Adrian Johnson
TLDR:
- In 2023, loaders, stealers, and RATs were the most prevalent types of malware.
- Remote access Trojans (RATs) dominated the malware family landscape in 2023, with Remcos and AgentTesla being the most prevalent.
- The use of certain MITRE ATT&CK techniques, such as mimicking legitimate file names and exploiting Rundll32, was common in 2023 and is expected to continue in 2024.
As the new year begins, a detailed report on the malware trends of 2023 provides insights into what can be expected in 2024. The report analyzed data from ANY.RUN, a malware analysis sandbox, which analyzed over 748,000 files and links in Q4 2023. The analysis identified the top malware types, families, and MITRE ATT&CK techniques used by cyber attackers.

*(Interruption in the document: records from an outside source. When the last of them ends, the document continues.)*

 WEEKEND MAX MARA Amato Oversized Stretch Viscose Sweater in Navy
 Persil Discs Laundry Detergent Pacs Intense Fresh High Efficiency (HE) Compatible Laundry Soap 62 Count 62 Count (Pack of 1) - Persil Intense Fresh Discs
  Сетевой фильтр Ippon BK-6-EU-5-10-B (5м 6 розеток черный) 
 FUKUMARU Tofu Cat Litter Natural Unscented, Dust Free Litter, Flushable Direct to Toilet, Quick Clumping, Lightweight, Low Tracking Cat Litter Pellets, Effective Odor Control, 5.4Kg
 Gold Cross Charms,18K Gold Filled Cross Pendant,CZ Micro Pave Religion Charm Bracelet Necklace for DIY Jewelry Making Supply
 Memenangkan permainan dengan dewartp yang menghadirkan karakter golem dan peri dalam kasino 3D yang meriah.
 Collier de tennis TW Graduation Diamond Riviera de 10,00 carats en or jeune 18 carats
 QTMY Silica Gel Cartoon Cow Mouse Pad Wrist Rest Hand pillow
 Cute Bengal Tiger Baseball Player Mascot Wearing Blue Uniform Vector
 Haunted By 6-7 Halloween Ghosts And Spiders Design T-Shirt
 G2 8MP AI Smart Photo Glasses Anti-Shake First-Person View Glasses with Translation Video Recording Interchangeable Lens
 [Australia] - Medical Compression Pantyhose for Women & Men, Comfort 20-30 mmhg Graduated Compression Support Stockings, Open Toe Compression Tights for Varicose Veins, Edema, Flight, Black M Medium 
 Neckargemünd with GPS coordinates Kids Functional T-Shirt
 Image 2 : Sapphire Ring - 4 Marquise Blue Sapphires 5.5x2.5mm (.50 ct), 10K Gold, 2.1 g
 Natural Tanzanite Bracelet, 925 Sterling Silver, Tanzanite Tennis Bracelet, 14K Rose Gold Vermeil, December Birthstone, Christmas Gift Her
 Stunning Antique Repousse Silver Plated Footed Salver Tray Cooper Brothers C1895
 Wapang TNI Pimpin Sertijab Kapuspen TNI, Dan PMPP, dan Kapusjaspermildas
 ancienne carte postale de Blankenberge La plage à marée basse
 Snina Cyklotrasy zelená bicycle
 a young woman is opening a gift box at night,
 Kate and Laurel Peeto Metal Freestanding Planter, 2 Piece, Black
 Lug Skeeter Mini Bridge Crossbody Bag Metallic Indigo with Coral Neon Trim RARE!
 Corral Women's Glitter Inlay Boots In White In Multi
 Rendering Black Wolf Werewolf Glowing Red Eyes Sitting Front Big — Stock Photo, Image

In 2023, loaders were the most prevalent type of malware, serving as a gateway for more sophisticated attacks. Stealers, which focus on stealing financial and personal information, became the second most prevalent type, particularly surging in Q4. RATs, which grant remote access and control over infected devices, remained the most versatile type of malware and are expected to grow in prevalence in 2024.
Among the top malware families in 2023 were remote access Trojans (RATs) such as Remcos and AgentTesla. These families have enjoyed popularity due to ongoing developer support, affordable pricing, and a range of malicious capabilities. The Redline stealer, operating on a malware-as-a-service (MaaS) model, was the most popular malicious software of the year, offering a wide range of functionalities.
In terms of MITRE ATT&CK techniques, attackers frequently mimicked legitimate file names to appear trustworthy and avoid detection. Exploiting Rundll32, a legitimate Windows DLL, was also a common technique for executing malicious code. The abuse of the Windows Command Shell to execute commands and scripts and the renaming of system utilities were also prevalent techniques.
Overall, the report provides valuable insights into the evolving landscape of malware and the techniques employed by attackers. It highlights the importance of understanding these trends to stay ahead in the fight against cyber threats.